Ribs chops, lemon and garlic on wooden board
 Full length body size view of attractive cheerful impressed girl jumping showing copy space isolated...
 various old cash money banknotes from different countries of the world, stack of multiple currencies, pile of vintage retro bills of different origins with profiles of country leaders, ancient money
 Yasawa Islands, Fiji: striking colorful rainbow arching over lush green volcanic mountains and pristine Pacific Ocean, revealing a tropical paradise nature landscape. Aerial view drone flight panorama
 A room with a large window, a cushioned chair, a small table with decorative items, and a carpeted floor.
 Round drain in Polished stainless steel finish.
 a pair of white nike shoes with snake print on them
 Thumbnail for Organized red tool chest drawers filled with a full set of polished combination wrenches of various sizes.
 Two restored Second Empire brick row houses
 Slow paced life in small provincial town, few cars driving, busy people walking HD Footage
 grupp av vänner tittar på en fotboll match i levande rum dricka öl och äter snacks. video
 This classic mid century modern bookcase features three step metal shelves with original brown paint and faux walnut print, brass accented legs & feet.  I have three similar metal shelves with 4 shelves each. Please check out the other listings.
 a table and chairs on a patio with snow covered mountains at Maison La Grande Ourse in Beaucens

WHAT TO PRODUCE: All lines above in which the word "print" occurs should be identified and copied.

RESPONSE BELOW:
 a pair of white nike shoes with snake print on them
 This classic mid century modern bookcase features three step metal shelves with original brown paint and faux walnut print, brass accented legs & feet.  I have three similar metal shelves with 4 shelves each. Please check out the other listings.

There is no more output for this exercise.